We'll be back to real American news shortly. For now, a loop-closing exercise on the Atlas Shrugged Guy, and the beginning of another 18-month moratorium in this space on his thoughts and activities. Some time next fall, as we enter the last stages of the next presidential campaign, we may look in on him again. Here's what you need to know before this final-for-now installment:
• During the 2012 Obama-Romney race, one reader wrote frequently and with mounting passion about the threat to America's future an Obama re-election would mean. You can find an archive of his messages here, and all related posts here. Just before the election he declared that if the unthinkable happened and Obama stayed in, the ASG would close his business, lay off all his workers, and John Galt-like deprive the economy of his services.
• I happen to know that whether or not he meant that claim when he made it, he did not follow through. The ASG has run a small electronics-related business in the southern half of the country, with an emphasis on aerospace and some defense contracts. (Don't bother to write in asking how an anti-government absolutist can rely on Pentagon contracts.) He has avoided answering my direct queries about whether he carried out his threats, but I have determined in other ways that he did not.
• This weekend he reappeared with a new claim that the economy was falling apart because of the socialist policies brought in by Obama. I pointed out that you can criticize Obama's record in many ways, but you probably shouldn't start with a claim that the economy has gotten worse.
Now, to tide us all through the next 18 lean months, I give you a sample of reader reaction to the Guy.

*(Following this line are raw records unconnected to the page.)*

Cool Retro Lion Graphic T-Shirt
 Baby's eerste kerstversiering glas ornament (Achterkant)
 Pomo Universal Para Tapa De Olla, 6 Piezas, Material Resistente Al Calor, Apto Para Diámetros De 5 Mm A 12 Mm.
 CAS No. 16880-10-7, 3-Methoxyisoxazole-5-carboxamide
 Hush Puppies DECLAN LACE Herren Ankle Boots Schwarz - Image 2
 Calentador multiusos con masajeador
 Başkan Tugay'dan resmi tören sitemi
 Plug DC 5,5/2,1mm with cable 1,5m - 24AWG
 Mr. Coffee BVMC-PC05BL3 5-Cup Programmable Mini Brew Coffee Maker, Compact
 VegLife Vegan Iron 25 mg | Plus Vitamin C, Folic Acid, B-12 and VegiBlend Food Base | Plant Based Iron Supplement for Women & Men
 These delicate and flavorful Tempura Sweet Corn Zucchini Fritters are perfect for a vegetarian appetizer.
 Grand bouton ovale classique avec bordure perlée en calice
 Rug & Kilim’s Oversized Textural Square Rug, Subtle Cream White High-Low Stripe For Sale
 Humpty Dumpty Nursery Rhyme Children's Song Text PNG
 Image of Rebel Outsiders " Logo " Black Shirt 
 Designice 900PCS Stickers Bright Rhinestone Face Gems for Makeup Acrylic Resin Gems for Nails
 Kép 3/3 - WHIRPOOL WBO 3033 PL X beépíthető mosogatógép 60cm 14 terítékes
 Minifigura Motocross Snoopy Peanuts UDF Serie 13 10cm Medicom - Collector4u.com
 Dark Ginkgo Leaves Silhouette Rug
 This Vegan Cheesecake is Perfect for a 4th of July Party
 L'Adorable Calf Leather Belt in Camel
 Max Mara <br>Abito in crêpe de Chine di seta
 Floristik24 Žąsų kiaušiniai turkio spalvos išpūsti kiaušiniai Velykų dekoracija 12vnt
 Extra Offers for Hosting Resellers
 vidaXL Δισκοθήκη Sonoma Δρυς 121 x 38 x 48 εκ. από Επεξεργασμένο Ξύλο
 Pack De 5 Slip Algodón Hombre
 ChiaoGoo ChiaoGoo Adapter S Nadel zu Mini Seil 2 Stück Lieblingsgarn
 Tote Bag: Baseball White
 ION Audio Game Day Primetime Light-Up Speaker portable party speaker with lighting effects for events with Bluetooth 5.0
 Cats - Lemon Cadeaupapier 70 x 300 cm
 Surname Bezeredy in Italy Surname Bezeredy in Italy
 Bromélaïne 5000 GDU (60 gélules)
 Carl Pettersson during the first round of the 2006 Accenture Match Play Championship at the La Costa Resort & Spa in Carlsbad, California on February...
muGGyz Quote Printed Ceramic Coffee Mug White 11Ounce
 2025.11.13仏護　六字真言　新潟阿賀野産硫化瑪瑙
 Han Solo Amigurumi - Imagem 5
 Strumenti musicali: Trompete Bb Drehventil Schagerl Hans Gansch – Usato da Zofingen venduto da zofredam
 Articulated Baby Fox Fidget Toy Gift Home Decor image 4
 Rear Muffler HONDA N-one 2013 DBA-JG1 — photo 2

1) Maybe he should have carried out the threat:
I assume that after he fired all his employees and put his company up for sale that there was a buyer who gave him a good price and who rehired all of those who had not already found better jobs elsewhere. That's what an economic recovery can do.
2) It's just trolling.
In my nearly worthless opinion (on this topic), the Guy is trolling you. I think the tipoff is in his telling you how smart and well-educated he is. I am reminded of an article I was shown about "Planet X". It described itself as a scientific dissertation. Scientists never do that. It borrowed the typography of Scientific American. That works for me!
I think it's clear that [various Atlantic writers], for example, are smart and well-educated. Do they make an explicit point of this? Does any authentic person? Very, very few. Authenticity speaks for itself; self-puffery, excluding humor, works against itself. That is why so much advertising is discounted.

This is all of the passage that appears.